Il territorio alessandrino è un caso tipico sui cui declinare i possibili effetti della proposta di legge ‘Daga’. Il 2017 è stato uno degli anni peggiori, con una crisi idrica diffusa, molti paesi e città rimaste senza acqua o con una erogazione garantita con il contagocce, benché Alessandria e la provincia abbiano il positivo primato di una falda acquifera, circa trenta milioni di metri cubi, fra le più grandi del nord Italia.

Ma fra reti non collegate fra loro e perdite consistenti degli acquedotti, l’acqua, bene prezioso e comune, spesso si disperde in quantità.
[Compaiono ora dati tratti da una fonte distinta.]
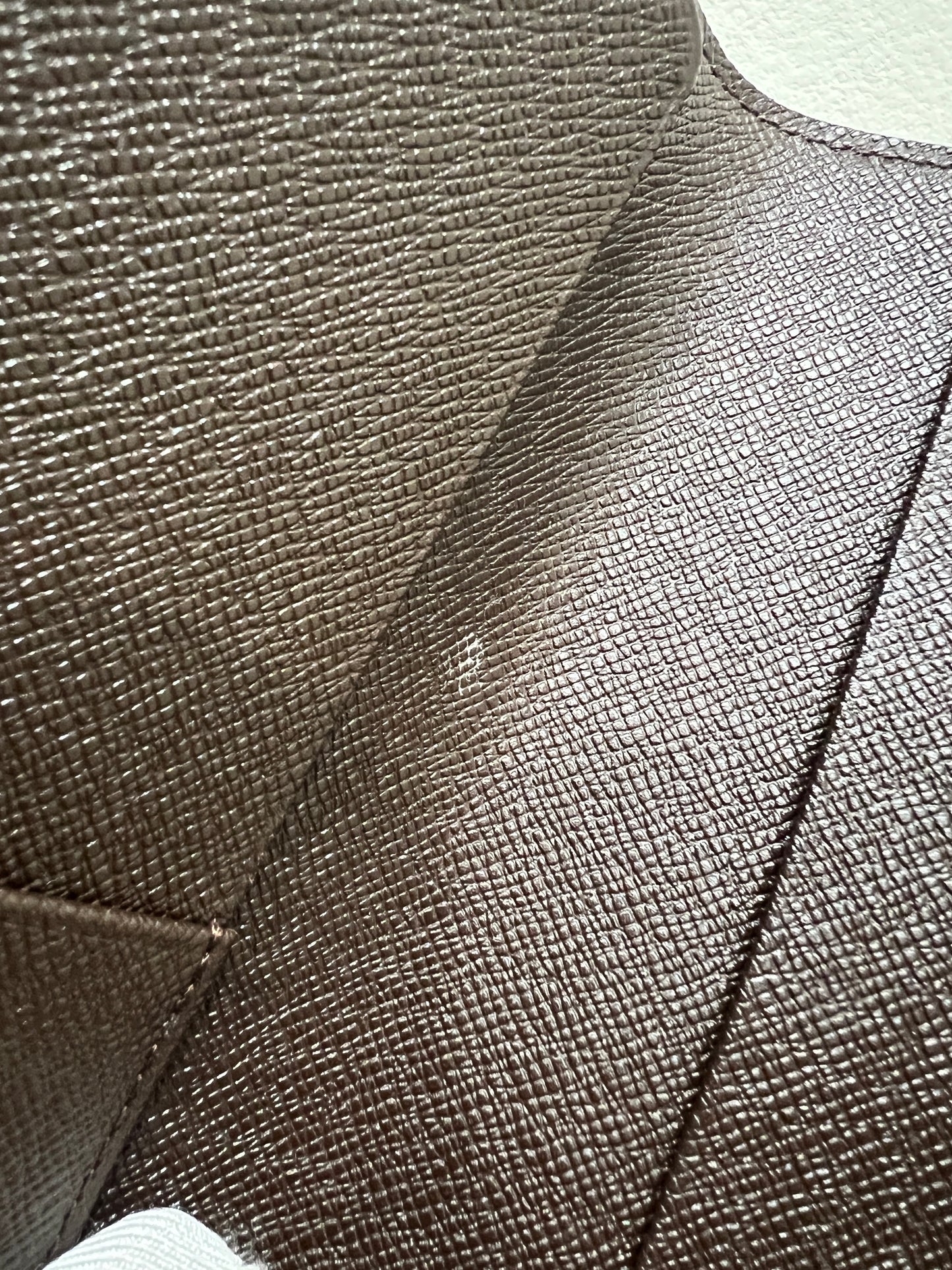 LOUIS VUITTON PASSPORT CASE DAMIER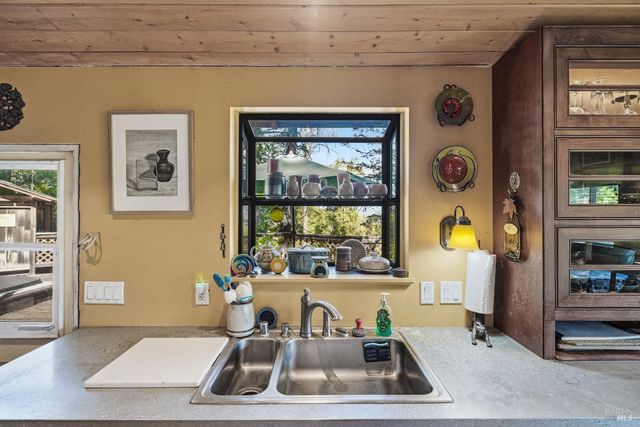 15306 Western Mine Rd, Middletown, CA 95461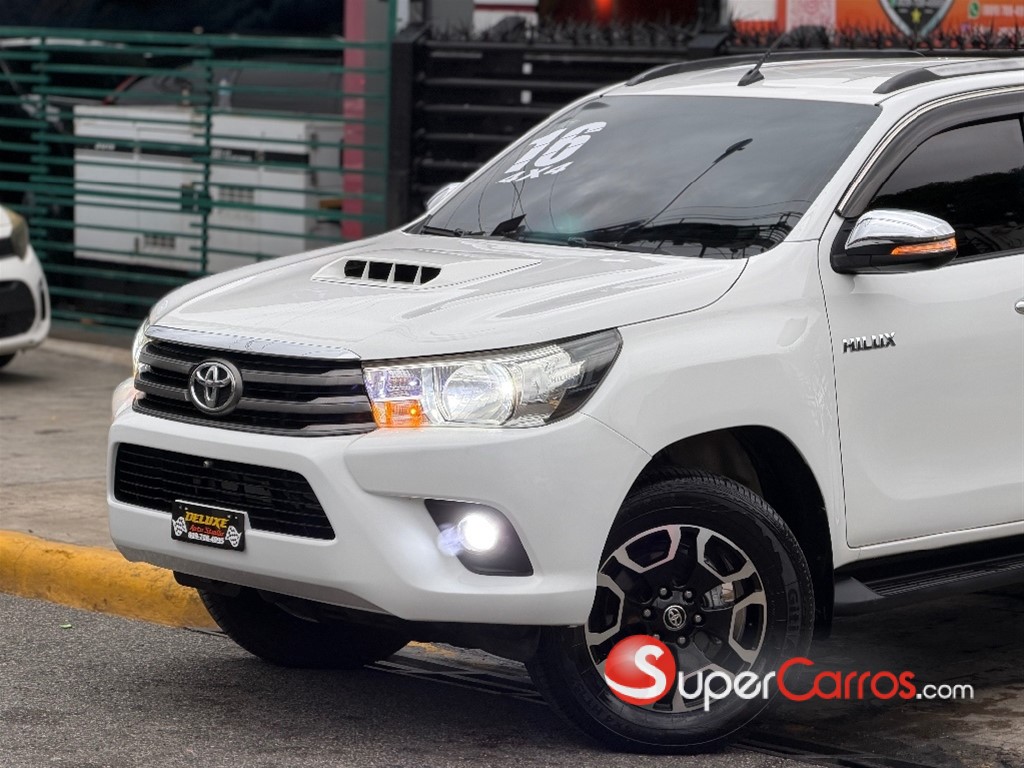2016 Toyota Hilux Limited — foto 4 / 12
La soluzione è rappresentata da una serie di collegamenti in tutta l’area, per portare l’acqua dalle falde più grandi verso le aree più a rischio.

Fra gli interventi c’è l’interconnessione della valle Bormida al campo pozzi di Predosa, la realizzazione di un nuovo bacino di accumulo in località Bric Berton per Ponzone e i comuni vicini, il potenziamento del sistema di approvvigionamento e potabilizzazione di Novi Ligure, ci si aggiunge l’ottimizzazione delle reti e degli impianti esistenti. Se tutto questo dovesse tornare nelle competenze dei comuni, il rischio è che una parte della rete si riduca a un grande colabrodo. Non per cattiva volontà, ovvio, ma solo perché non ci sono i soldi per farlo.
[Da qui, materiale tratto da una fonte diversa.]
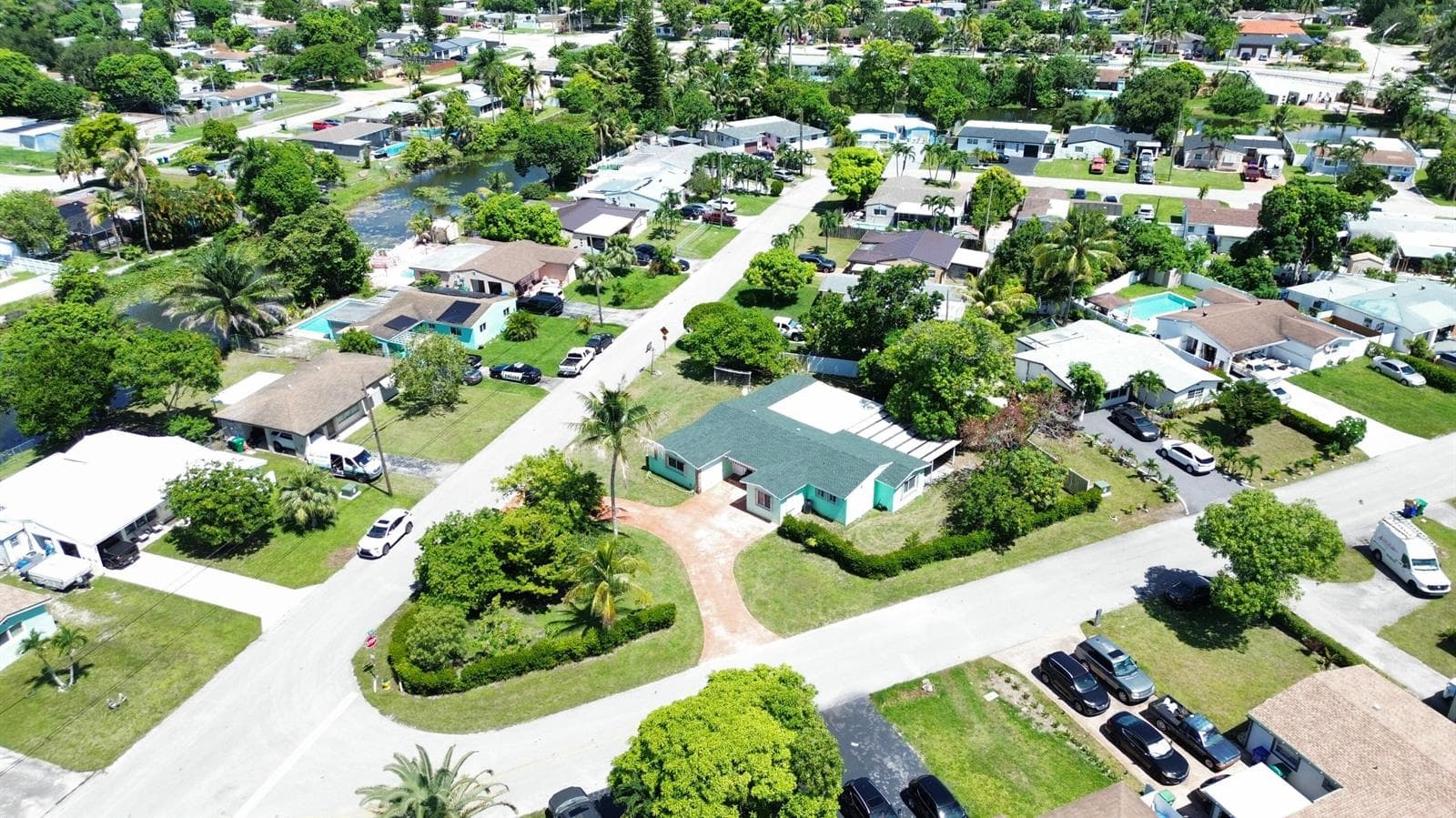 2907 SW 67TH Terrace, Miramar, FL 33023 photo 2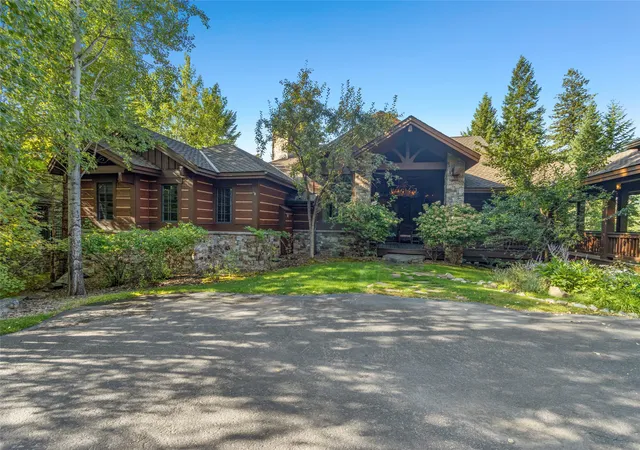 Photo 1 of Mansion for sale at 161 S Prairiesmoke Cir, Whitefish, MT 59937 | MLS# 30077404 | Listing updated on 2026-08-28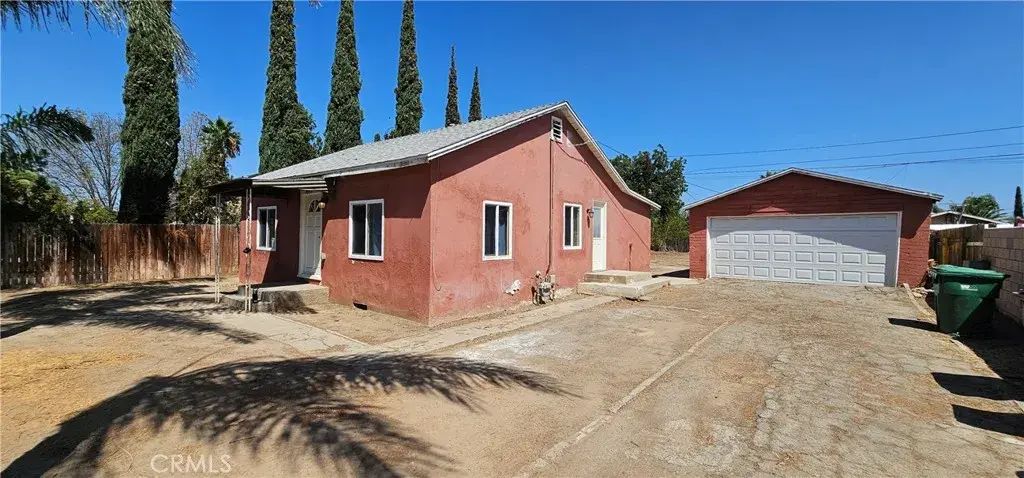 3955 Blair, Corona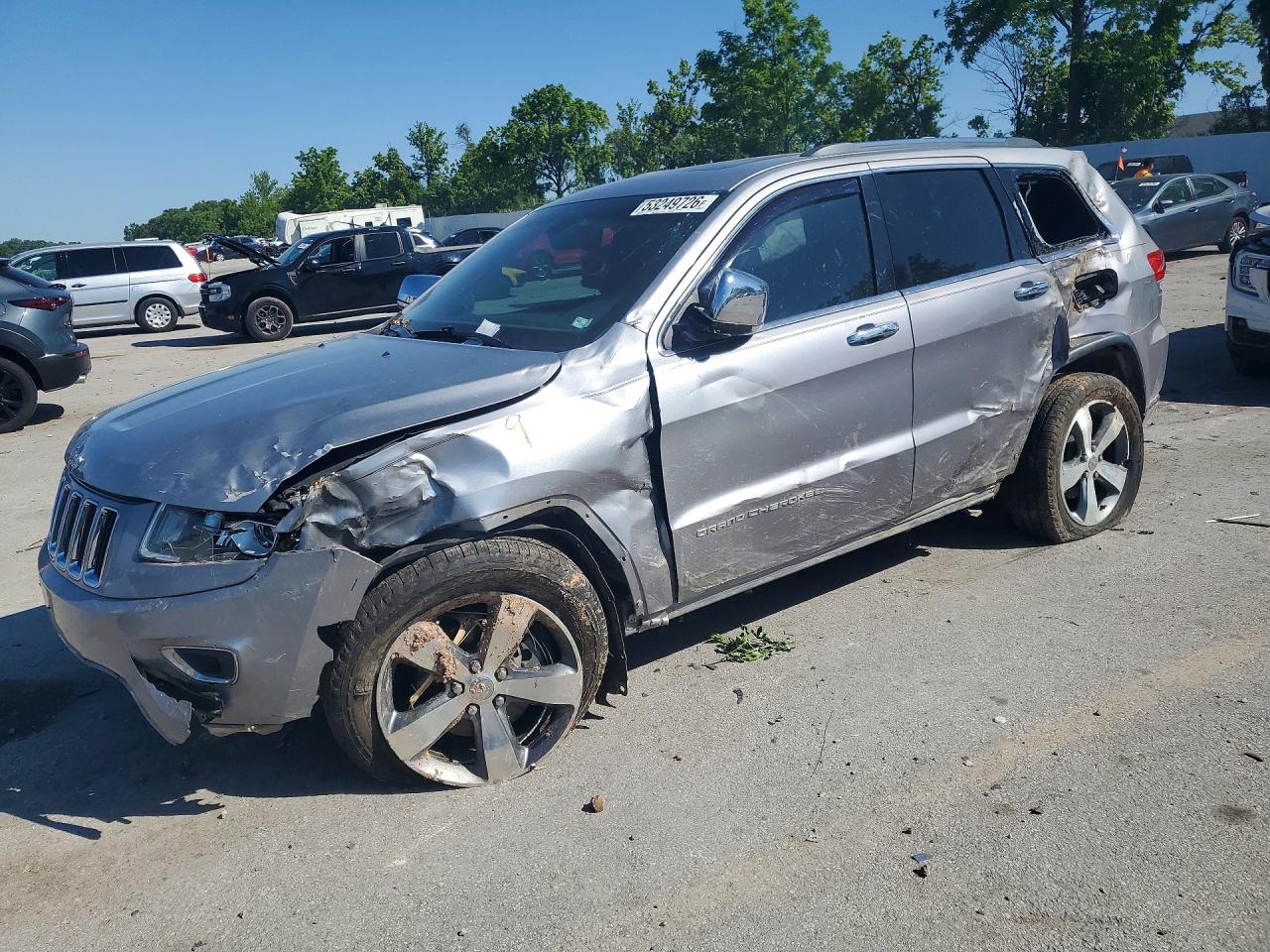 Salvage Jeep Cherokee Image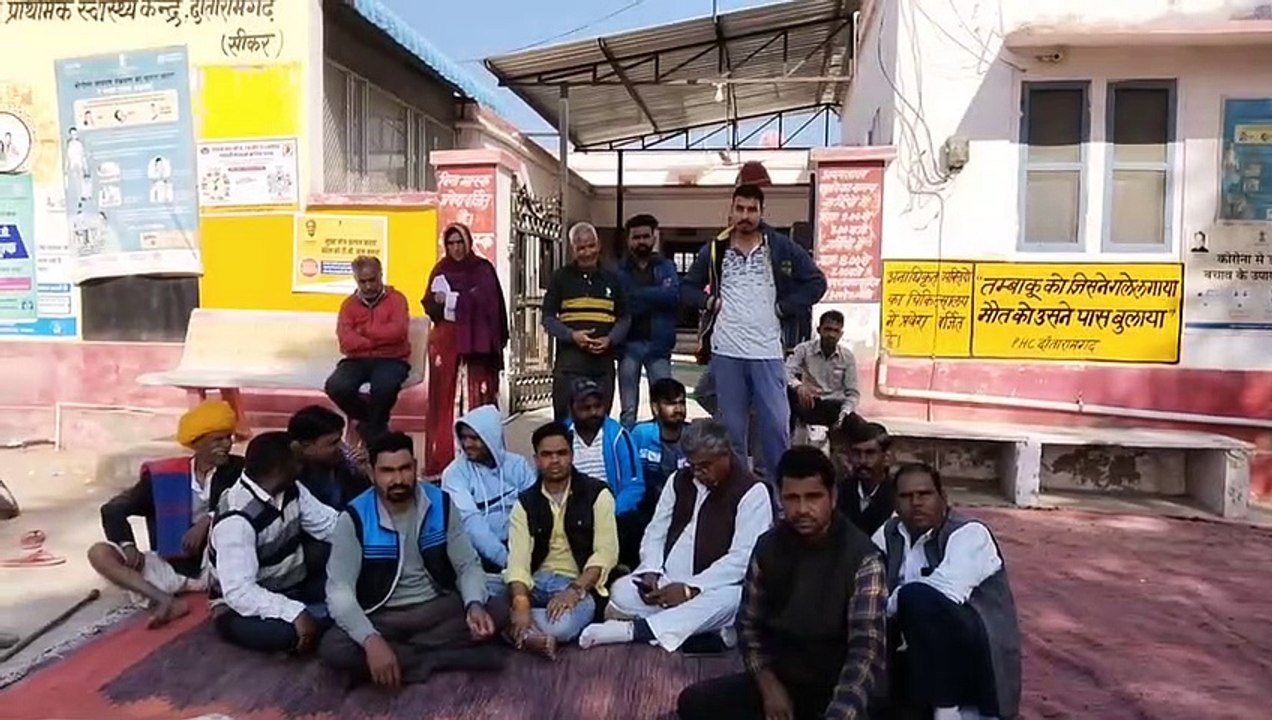 कार ने मारी बच्चे को टक्कर, चिकित्सक नहीं मिलने पर धरने पर बैठे ग्रामीण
Entro il 2021 dovrebbe diventare operativa la società consortile costituita da Amag Reti Idriche e Gestione Acqua (gestiscono complessivamente circa 120 comuni su 190 della provincia) che significa arrivare, all’interno dell’ente di governo d’Ambito Territoriale Ottimale Egato 6 a un unico gestore, che avrà il compito di erogare il servizio, gestire la tariffa e coordinare tutti gli investimenti, circa duecentodieci milioni di euro da qui al 2034.

Obiettivo è arrivare a un unico sistema di rete efficiente, capace di modulare la distribuzione e recupero dell’acqua, oltre che regolare gli interscambi con altri gestori. Una modifica, o una inversione di rotta, con la proposta di legge, potrebbe avere conseguenze, ancora tutte da definire, sull’approvvigionamento e la gestione dell’acqua, bene comune.

Il meccanismo attuale è assolutamente da migliorare e la politica ha colpe pesanti per la gestione di molti enti, però pensare di risolvere tutto riportando l’orologio al tempo dei comuni appare decisamente azzardato. Non fosse altro che le risorse scarseggiano. Come l’acqua nelle reti di molti acquedotti.